[What you will do] Return, unaltered, every line from the beginning of the material below up to and including the one with "Kép - Márvány".
Source information: Begin
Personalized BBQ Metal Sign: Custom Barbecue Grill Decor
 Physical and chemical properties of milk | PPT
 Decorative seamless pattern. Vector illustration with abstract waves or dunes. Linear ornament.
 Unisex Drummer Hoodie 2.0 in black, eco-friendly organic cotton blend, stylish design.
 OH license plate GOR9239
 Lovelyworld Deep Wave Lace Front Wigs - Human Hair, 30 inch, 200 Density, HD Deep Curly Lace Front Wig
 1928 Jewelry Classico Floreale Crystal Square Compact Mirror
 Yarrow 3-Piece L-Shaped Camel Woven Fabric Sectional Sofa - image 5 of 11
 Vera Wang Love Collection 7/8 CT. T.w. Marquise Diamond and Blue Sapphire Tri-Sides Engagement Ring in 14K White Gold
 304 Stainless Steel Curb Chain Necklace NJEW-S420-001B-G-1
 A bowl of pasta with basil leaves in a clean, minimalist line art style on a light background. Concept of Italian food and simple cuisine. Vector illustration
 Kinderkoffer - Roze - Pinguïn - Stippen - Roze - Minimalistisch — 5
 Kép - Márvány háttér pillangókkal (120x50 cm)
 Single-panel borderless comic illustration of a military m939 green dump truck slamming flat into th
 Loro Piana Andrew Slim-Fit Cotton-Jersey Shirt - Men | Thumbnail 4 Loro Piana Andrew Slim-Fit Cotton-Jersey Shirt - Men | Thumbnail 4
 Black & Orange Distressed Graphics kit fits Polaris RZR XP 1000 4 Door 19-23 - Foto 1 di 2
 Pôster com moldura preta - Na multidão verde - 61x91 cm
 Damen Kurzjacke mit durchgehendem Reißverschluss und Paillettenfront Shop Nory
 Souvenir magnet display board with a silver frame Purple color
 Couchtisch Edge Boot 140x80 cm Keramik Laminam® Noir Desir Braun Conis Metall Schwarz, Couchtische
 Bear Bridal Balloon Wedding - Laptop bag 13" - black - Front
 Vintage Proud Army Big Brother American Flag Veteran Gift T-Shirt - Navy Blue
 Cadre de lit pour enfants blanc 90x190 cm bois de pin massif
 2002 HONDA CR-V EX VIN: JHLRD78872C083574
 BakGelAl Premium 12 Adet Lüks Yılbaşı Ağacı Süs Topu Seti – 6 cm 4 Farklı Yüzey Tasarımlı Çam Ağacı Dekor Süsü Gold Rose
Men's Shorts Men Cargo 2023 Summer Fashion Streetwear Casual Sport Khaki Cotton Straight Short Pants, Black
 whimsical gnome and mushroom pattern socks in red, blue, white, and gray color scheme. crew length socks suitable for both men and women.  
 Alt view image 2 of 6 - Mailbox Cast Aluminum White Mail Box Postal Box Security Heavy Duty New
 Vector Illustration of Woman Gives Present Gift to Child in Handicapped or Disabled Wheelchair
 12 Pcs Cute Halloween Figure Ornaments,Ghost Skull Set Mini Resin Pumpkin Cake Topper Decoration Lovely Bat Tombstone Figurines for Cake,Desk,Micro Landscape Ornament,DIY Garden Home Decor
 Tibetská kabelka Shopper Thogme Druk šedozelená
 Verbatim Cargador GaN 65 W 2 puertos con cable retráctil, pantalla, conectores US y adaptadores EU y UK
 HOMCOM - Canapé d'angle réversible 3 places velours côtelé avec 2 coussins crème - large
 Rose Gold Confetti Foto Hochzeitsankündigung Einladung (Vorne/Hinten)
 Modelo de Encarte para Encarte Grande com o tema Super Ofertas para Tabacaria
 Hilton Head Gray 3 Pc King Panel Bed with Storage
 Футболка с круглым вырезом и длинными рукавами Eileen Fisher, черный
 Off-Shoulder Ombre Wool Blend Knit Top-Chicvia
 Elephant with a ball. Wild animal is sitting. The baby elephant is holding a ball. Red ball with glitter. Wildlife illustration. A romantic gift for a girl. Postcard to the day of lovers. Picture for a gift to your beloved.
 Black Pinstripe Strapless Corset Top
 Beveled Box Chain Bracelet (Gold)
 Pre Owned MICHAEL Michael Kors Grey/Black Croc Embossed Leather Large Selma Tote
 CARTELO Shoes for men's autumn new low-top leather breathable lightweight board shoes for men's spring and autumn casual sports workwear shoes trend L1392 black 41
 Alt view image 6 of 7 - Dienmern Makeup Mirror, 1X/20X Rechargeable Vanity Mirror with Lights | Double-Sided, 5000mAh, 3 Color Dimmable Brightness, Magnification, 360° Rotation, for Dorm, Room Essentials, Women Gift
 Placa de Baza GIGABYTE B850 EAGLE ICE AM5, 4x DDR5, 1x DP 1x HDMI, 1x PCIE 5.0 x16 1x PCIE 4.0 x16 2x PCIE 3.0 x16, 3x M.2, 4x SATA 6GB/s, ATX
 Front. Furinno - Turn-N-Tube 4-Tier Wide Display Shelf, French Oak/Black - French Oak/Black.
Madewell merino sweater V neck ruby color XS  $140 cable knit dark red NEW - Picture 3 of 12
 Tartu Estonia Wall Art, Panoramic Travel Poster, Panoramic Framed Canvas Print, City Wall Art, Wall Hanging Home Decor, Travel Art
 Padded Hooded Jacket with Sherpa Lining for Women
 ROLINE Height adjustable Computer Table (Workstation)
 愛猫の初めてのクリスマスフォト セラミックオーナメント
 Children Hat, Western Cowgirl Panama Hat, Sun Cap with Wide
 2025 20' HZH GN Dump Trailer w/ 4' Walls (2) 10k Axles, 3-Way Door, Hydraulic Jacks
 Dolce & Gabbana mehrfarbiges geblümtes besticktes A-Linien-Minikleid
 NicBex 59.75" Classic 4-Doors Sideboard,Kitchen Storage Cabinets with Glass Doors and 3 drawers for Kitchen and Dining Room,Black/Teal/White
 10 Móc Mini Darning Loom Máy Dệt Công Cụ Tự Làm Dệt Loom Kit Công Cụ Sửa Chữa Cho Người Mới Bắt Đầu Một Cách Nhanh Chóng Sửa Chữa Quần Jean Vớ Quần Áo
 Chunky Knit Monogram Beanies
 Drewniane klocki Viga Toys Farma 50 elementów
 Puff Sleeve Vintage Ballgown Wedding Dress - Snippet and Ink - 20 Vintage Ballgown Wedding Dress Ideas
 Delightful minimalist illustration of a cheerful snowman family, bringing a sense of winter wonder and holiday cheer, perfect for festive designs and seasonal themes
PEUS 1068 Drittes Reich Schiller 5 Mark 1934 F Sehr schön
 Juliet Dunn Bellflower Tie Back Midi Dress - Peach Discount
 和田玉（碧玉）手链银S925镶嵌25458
Source information: End
[Solution for this problem]
Personalized BBQ Metal Sign: Custom Barbecue Grill Decor
 Physical and chemical properties of milk | PPT
 Decorative seamless pattern. Vector illustration with abstract waves or dunes. Linear ornament.
 Unisex Drummer Hoodie 2.0 in black, eco-friendly organic cotton blend, stylish design.
 OH license plate GOR9239
 Lovelyworld Deep Wave Lace Front Wigs - Human Hair, 30 inch, 200 Density, HD Deep Curly Lace Front Wig
 1928 Jewelry Classico Floreale Crystal Square Compact Mirror
 Yarrow 3-Piece L-Shaped Camel Woven Fabric Sectional Sofa - image 5 of 11
 Vera Wang Love Collection 7/8 CT. T.w. Marquise Diamond and Blue Sapphire Tri-Sides Engagement Ring in 14K White Gold
 304 Stainless Steel Curb Chain Necklace NJEW-S420-001B-G-1
 A bowl of pasta with basil leaves in a clean, minimalist line art style on a light background. Concept of Italian food and simple cuisine. Vector illustration
 Kinderkoffer - Roze - Pinguïn - Stippen - Roze - Minimalistisch — 5
 Kép - Márvány háttér pillangókkal (120x50 cm)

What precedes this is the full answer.